24 Hours or So
In 24 hours or so, I'll get a call. Actually, my husband will get the call because I have a haircut appointment and don't want it to be spoiled by a nurse calling with bad news. So my husband will get this call, and the person on the other end of the line (one of the very sweet nurses at our infertility clinic) will tell him our fate. Either we will be parents in nine months, or we won't. Now, I have been through the ringer enough to know that even good news tomorrow does not secure us a spot in the maternity ward come June, but in those first few moments when he receives the news, it will be that black and white. Either it worked or it didn't. Then he will have the joyous task of relaying the message to me, once I am properly coifed and safely home, near the tequila bottle.

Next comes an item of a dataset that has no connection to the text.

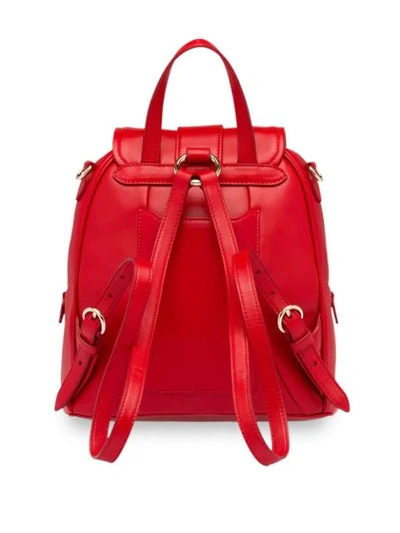 Shop Miu Miu Matelassé Backpack In Red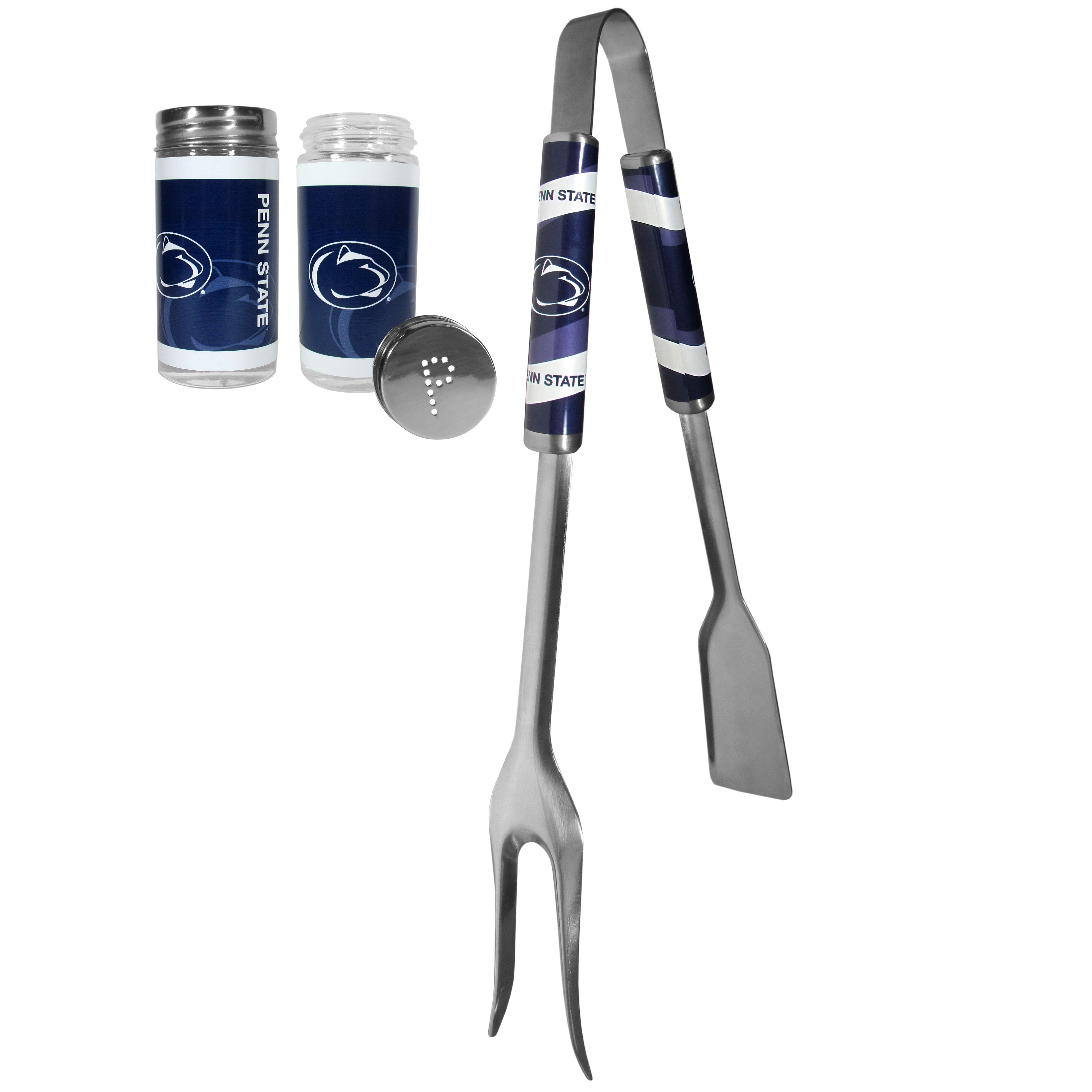 Penn St. Nittany Lions 3 in 1 BBQ Tool and Salt & Pepper Shaker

This was our third IUI cycle. Certainly not the beginning of our journey, but the start of our ride on the high-tech rollercoaster. The rickety old low-tech ride was no fun at all, but I will get to that later. So, in May 06 we did our first IUI with Clomid, a drug I have come to loathe. I had started Clomid in Dec. 05 with my regular OB, and when I started seeing my RE he decided one more round couldn't hurt. On the day of insemination, I had one mature follicle and a uterine lining of less than stellar thickness (I think it was something like 6mm). We went ahead with the procedure (hell, we had already paid our $1000, so why not?), and two weeks later I got the call I am so dreading tomorrow. Only it was good news that day. Positive pregnancy test! HCG 44! Come back in two days to make sure it's doubling. We were elated. Surely after the hell we'd been through (again, more on that later) this was finally our time. We called our families. We assumed the best. Two days later, I was out to lunch with a girlfriend when the nurse called. I had just told my friend the good news. She wept with happiness for me, as her baby girl cooed beside her in her carseat. Her daughter was due the same week as my first angel.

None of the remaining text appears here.